Friday, June 13, 2008

What Makes Golf Great


Discussions abound about what makes golf great: the history of the game, the challenge, golf course design, player personalities, character of the players, camaraderie with your playing partners… Some commentators wax poetic. Others speak with reverence, describing certain courses as “hallowed ground.”


Great friendships grow around golf. Generally, you meet other golfers when one of your buddies invites one of his or her buddies to play with you. Over time, your circle of available playmates can grow quite large. But beyond this obvious mechanism, golf is an amazing random matchmaker.



I’m not talking about traditional arranged marriage matchmaking. Rather, I’m referring to how golf can create situations that throw strangers together, occasionally resulting in great friendships. Here’s how it works:



Especially on municipal golf courses, but also on many public courses, single players or two friends might arrive hoping to play. In the interest of accommodating the most possible players, the golf course management pairs these people with other pairs or singles to create a foursome. As it takes about four hours to play a round of golf, this group of strangers has plenty of time to get acquainted.
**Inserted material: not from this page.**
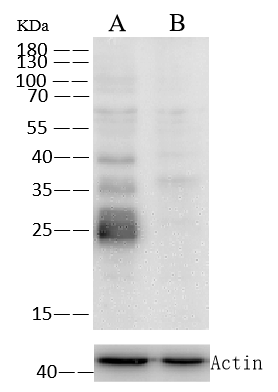 Cathepsin L Antibody (221) Western Blot: Cathepsin L Antibody (221) [NBP2-89528]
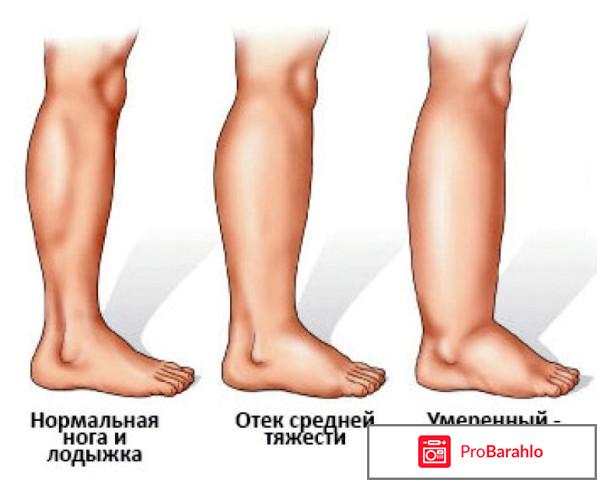 Аппарат надежда отзывы покупателей обман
Generally, people get along well because they’re all there to play golf; they have something in common. In most cases, they finish the round and never again see the people they met that day. However, now and again, the strangers hit it off, and lifelong friendships take root. Of course, if you regularly play at a particular golf course, you’re likely to get paired repeatedly with other players who also play there often. This gives friendship more opportunity to get started, and for a lot of golfers it’s the whole point of joining a club.



I’ve had three great relationships that started through this kind of blind draw. I met my buddy Heber, who lives in Lewisburg, when we played together because we’d each gone to the course alone one day—much of my social circle in Lewisburg grew out of that friendship. I played many rounds over the course of three seasons with Bucknell’s women’s club champion because our abilities were well matched, and we tended to play well against each other.



Then there’s my buddy Roger who was a single paired with a twosome he didn’t know at a public course in Connecticut. On my way back to Pennsylvania from a consulting job in Connecticut, I stopped at this golf course and was put in with them. I can’t remember many rounds where I’ve enjoyed the company more. (On a later trip through Connecticut, Roger and I played a round together and discussed Non-Overlapping Magisteria… a topic we’d learned of independently, and one that I’d never expect to arise in a random social encounter.)



Roger has joined me, Heber, and a childhood friend of mine for a few golf vacations since then, and I try to schedule my trips to Boston so we can visit or even play a round on my way through. Twice I’ve invited myself to Roger’s place for weekends of golf at his home course. And, while I don’t get many visitors in rural Pennsylvania, he has made the trip twice—he’s here now… and that’s what inspired the topic: golf’s tendency to make great friends out of strangers is part of what makes the game great.